Tancrède à l’Opéra de Rouen nous fait découvrir un tout jeune Rossini, déjà compositeur de l’amour et de ses aventures.

Au début du XIXe siècle, sous l’influence du Gothic Revival et des romans de Walter Scott, l’histoire d’un chevalier banni et de sa bien-aimée promise à un autre, dans la Sicile de l’an 1005, ne pouvait que séduire un jeune compositeur. Dans Vie de Rossini, Stendhal consacre quelques pages à ce Tancrède, un des premiers opera seria d’un Gioacchino de 21 ans lors de sa création à la Fenice, en 1813. Avec cette œuvre, Rossini parvient à un « juste milieu de richesses et de luxe qui pare la beauté sans la cacher, sans lui nuire, sans la surcharger de vains ornements », remarque l’auteur du Rouge et le noir.
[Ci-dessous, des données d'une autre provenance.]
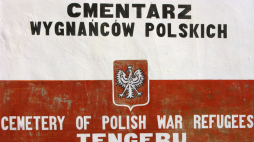 Tablica na murze cmentarza w Tengeru. Fot. Cezary Tulin, CC BY-SA 4.0 <https://creativecommons.org/licenses/by-sa/4.0>, via Wikimedia Commons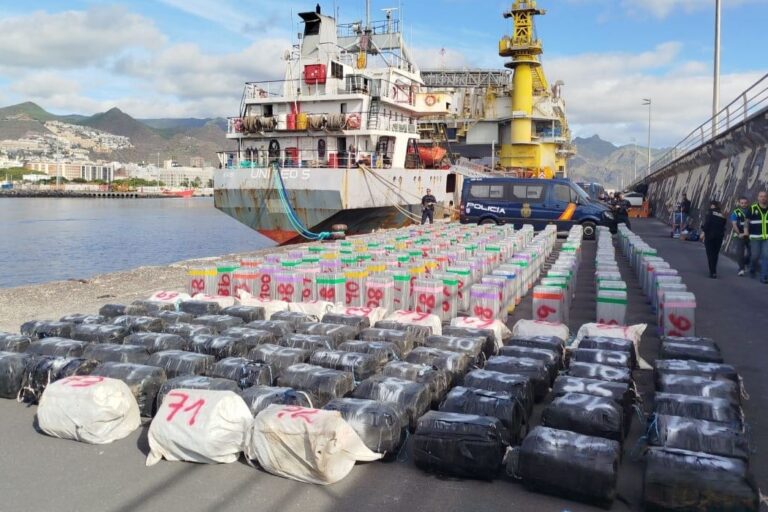 ALIJO INCAUTADO AL BARCO UNITED S-ATRACADO EN EL MUELLE SUR DE SANTA CRUZ 12-1-26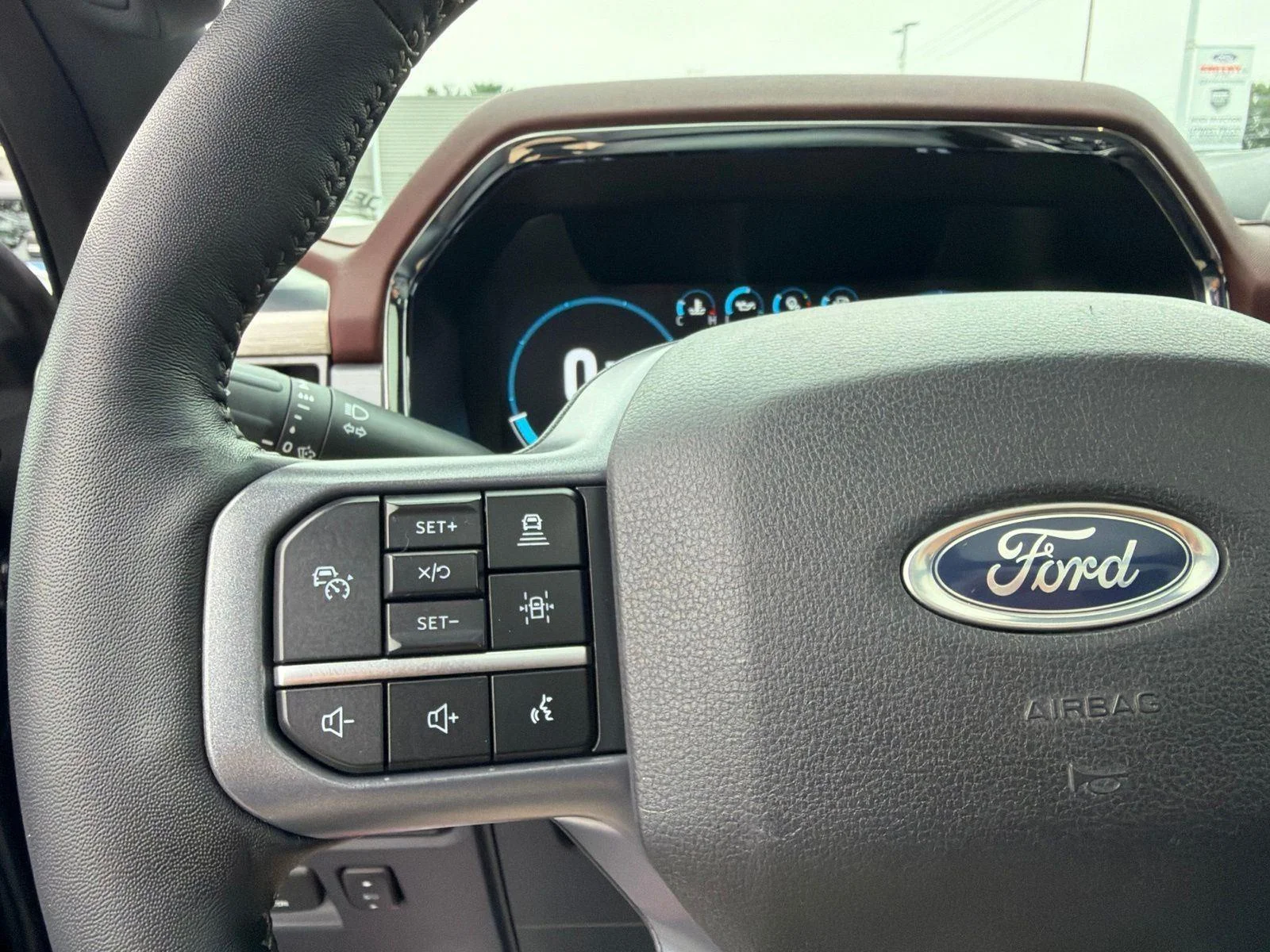 Used 2023 Agate Black Metallic Ford LARIAT image 17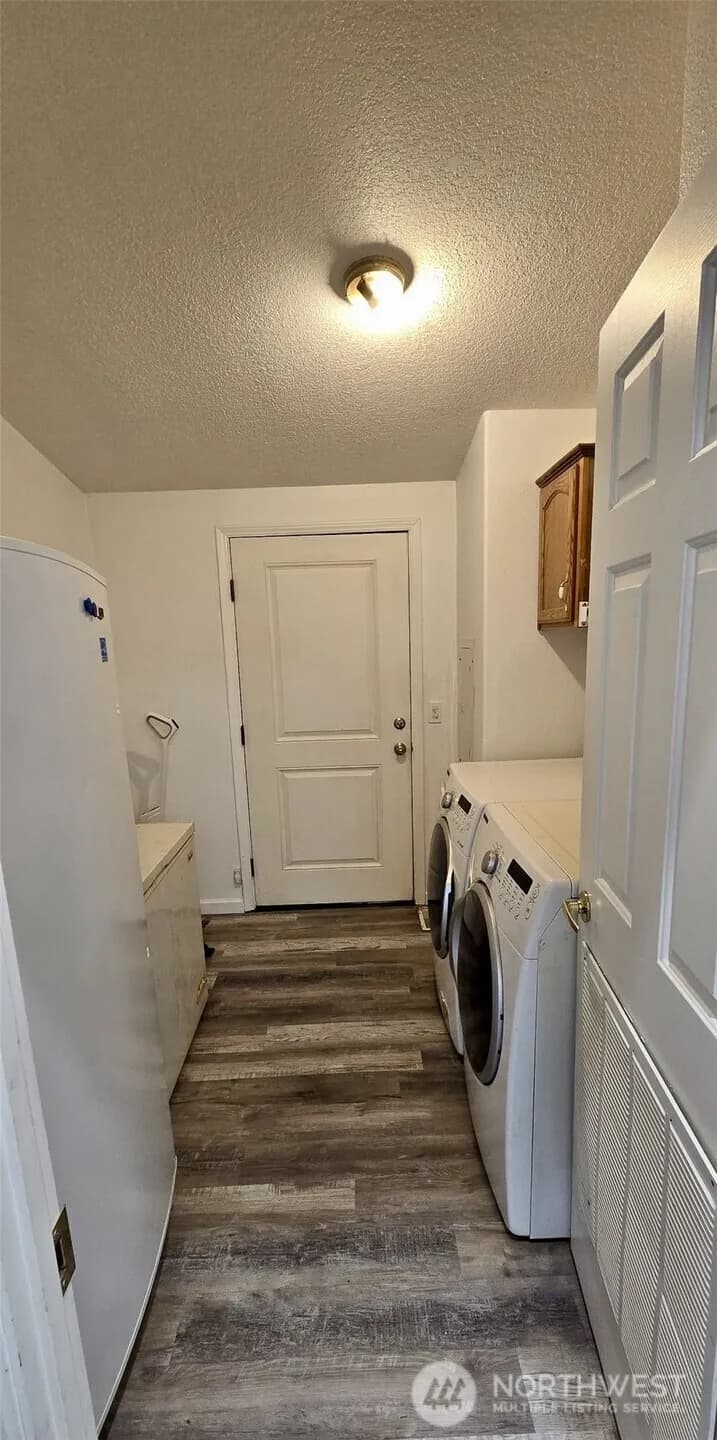 Property photo for 6301 360th Street S, Roy photo 21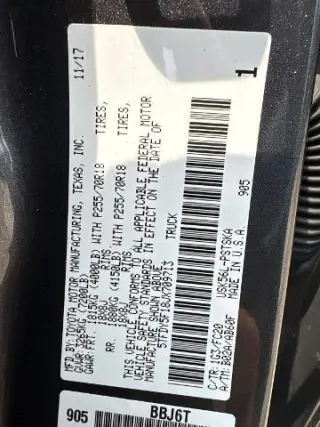 Toyota Tundra 2018 4x4 SR5 4dr CrewMax Cab Pickup SB (5.7L V8)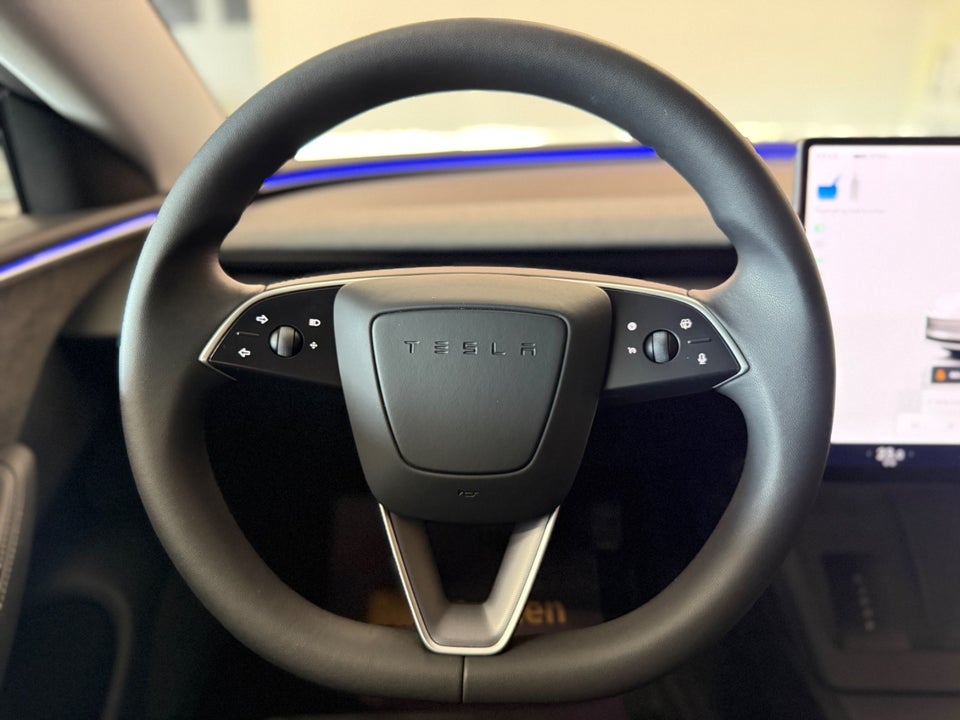 Tesla Model 3 Long Range AWD 4d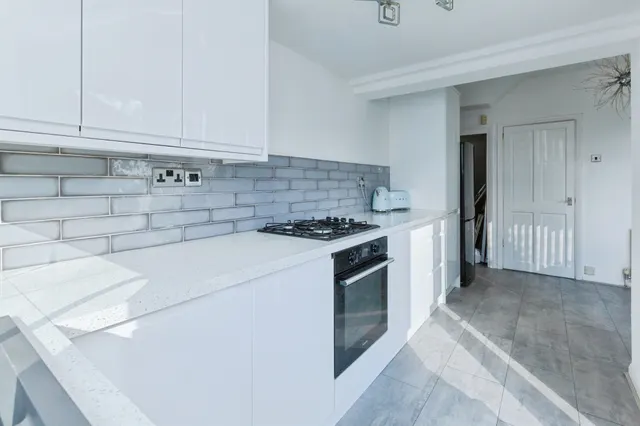 St. Marys Avenue, Humberstone, LE5, photo 3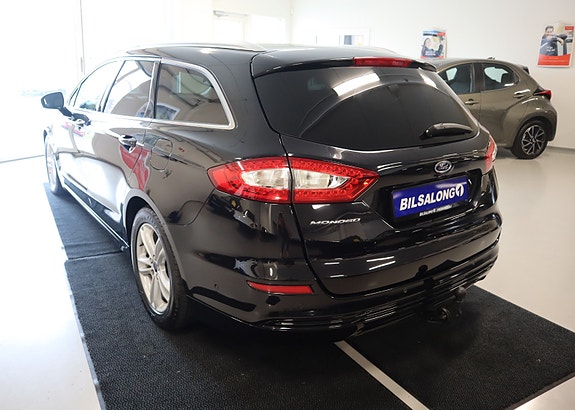 Ford Mondeo 30 of 30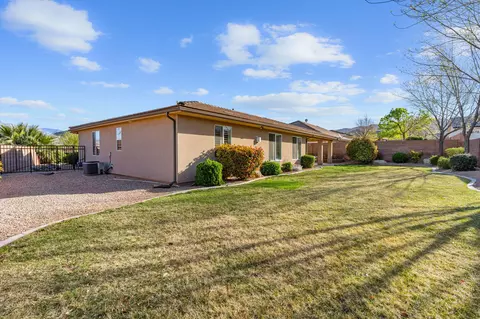 Exterior - 880 E Lori Ln, Washington, UT 84780 photo 11 of 11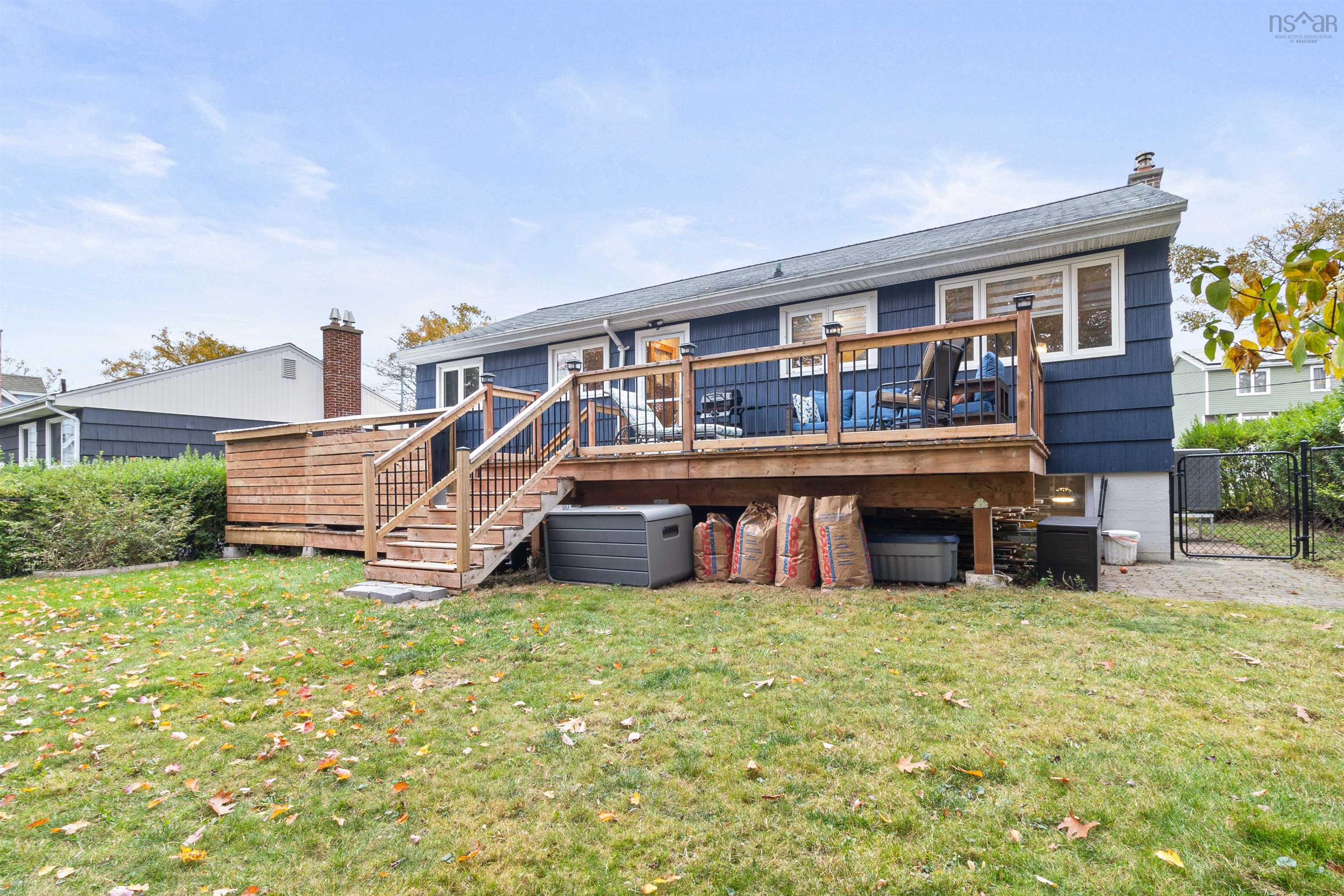 15 Laurier Street, Dartmouth, NS (MLS 202526391)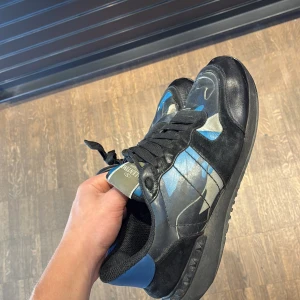 Valentino Rockrunner - Skorna är använda men har fof mycket liv kvar i sig och är sjukt fräscha☝️hör av er kring funderingar eller liknande, priset är aldrig hugget i sten🍻strl 42 men passar även 43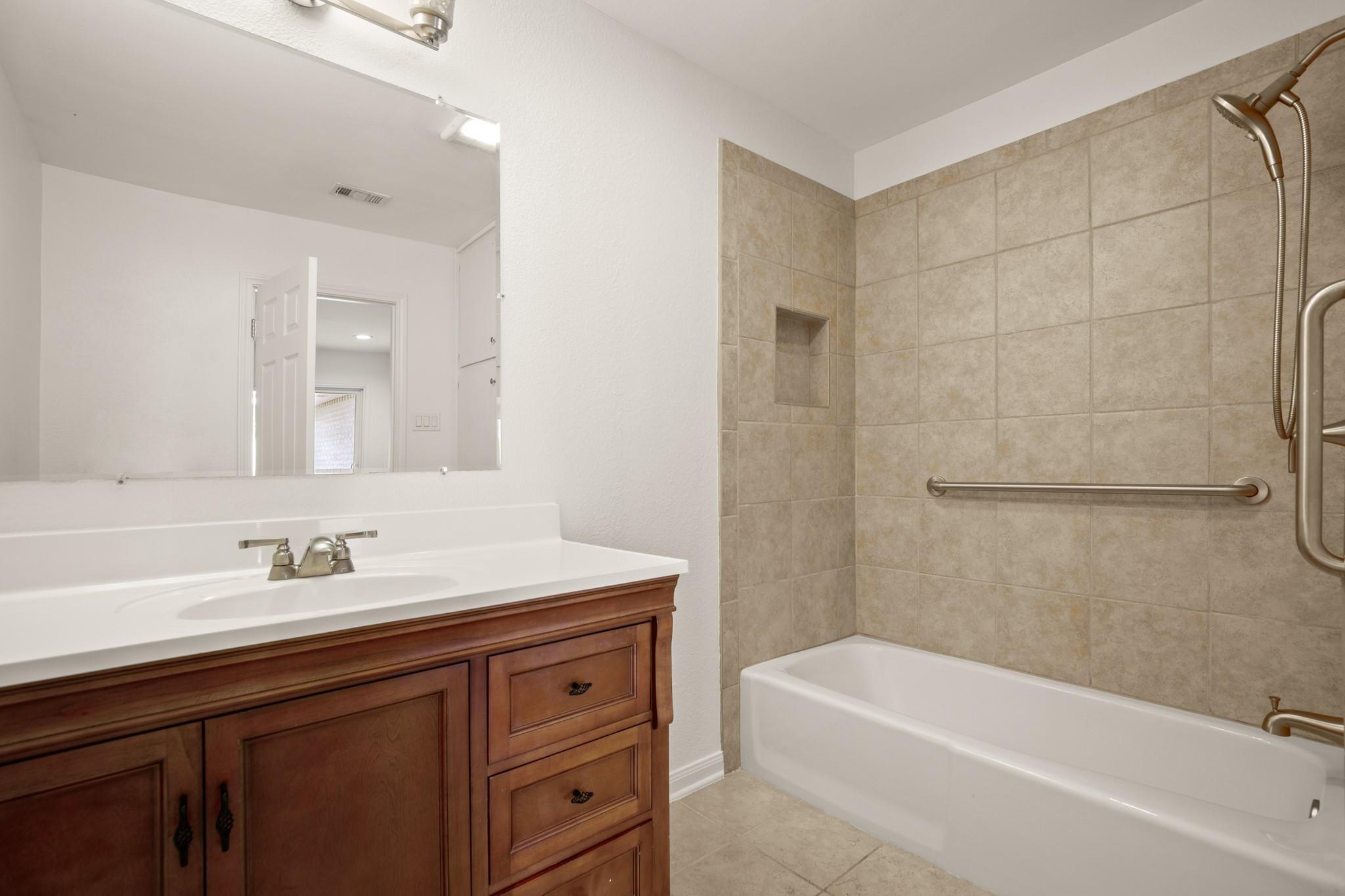 11129 Pinehurst Dr # C, Austin, TX 78747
Et c’est précisément ce vers quoi semble tendre Pierre-Emmanuel Rousseau dans sa mise en scène présentée pour la première fois en 2022 au Théâtre de Bienne Soleure, en co-production avec l’Opéra de Rouen. Il avoue avoir cherché une esthétique « sombre où le noir domine, avec quelques incursions dorées, et l’idée d’un Moyen-Âge fantasmé, inspiré par le cinéma ». Ce qui semble être au cœur de cette mise en scène est une dissonance émotionnelle : la manière quasiment opposée dont les protagonistes vivent une histoire d’amour commune. Si la distribution initiale a été entièrement renouvelée, le duo Emmanuel Rousseau et Antonello Allemandi, chef italien rompu à Rossini, n’en est pas à ses débuts. À l’Opéra de Rouen, les deux artistes ont déjà collaboré sur un Barbier de Séville en 2019. Et ils ont fait le choix de se réapproprier ensemble cette mise en scène, à force de réflexion avec les musiciens : l’Orchestre et le chœur de l’Opéra de Rouen Normandie, le chœur accentus et les chanteurs. Celle qui a fait ses débuts à l’Opéra de Paris en 2017 dans la Cenerentola, la mezzo-soprano romaine Teresa Iervolino, devrait endosser le rôle travesti de Tancrède avec aisance, l’ayant déjà interprété. Du sang neuf pour cette œuvre qui tour à tour le chauffe, le glace et le fait couler.

Tancrède de Gioacchino Rossini, direction musicale Antonello Allemandi, mise en scène, Pierre-Emmanuel Rousseau, Opéra de Rouen, les 12, 14 et 16 mars.